## Recorded data
+ + + +
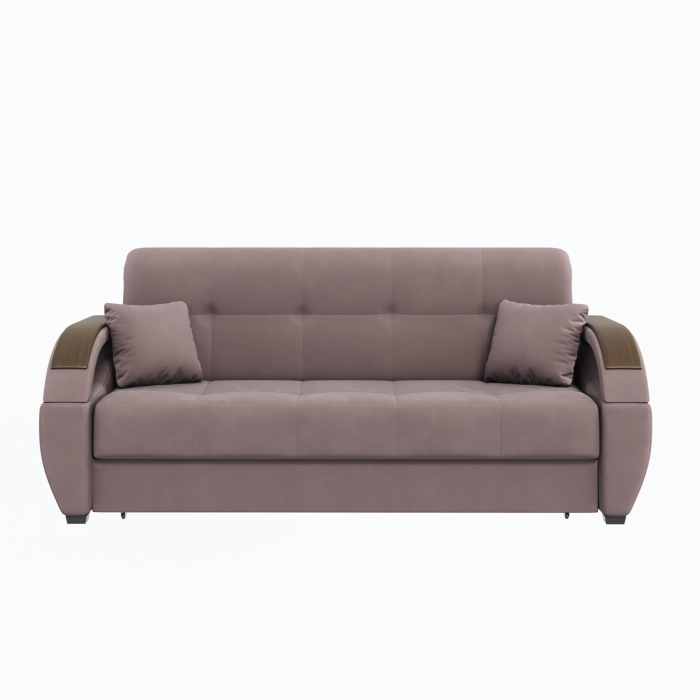 Диваны кровати со спальным местом, Прямой диван Монреаль 120см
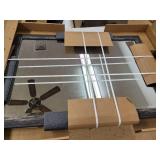 Bark Rustic Bathroom Vanity Wall Mirror- Retail:$142.49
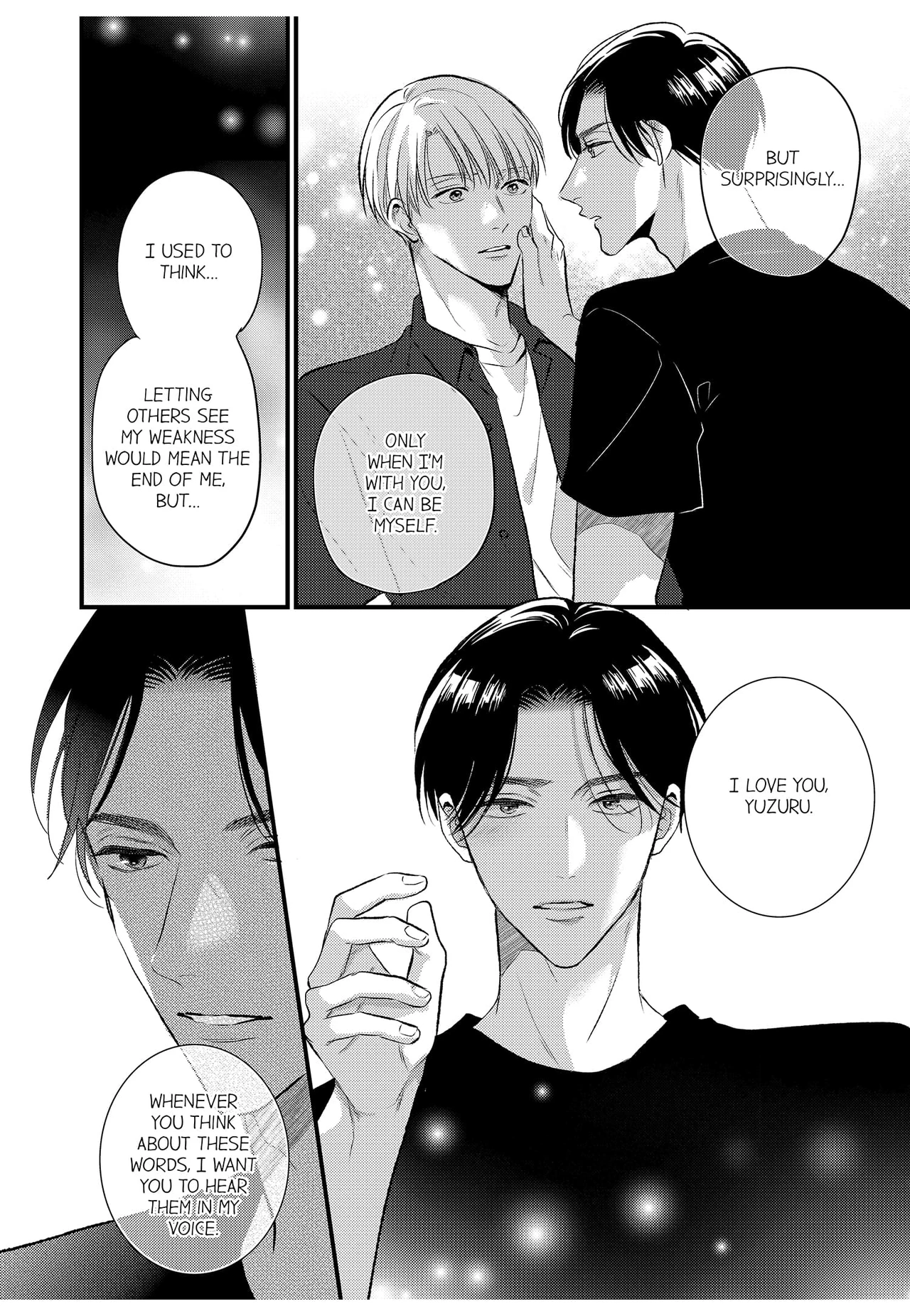 Broken-Hearted One-Night Love ~This Man Is Cunning and Sweet~ - Episode 6 manhwa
+ + + +
Through to the final line, copy the material above exactly and skip the images.

## Exercise response
 Диваны кровати со спальным местом, Прямой диван Монреаль 120см
 Bark Rustic Bathroom Vanity Wall Mirror- Retail:$142.49
 Broken-Hearted One-Night Love ~This Man Is Cunning and Sweet~ - Episode 6 manhwa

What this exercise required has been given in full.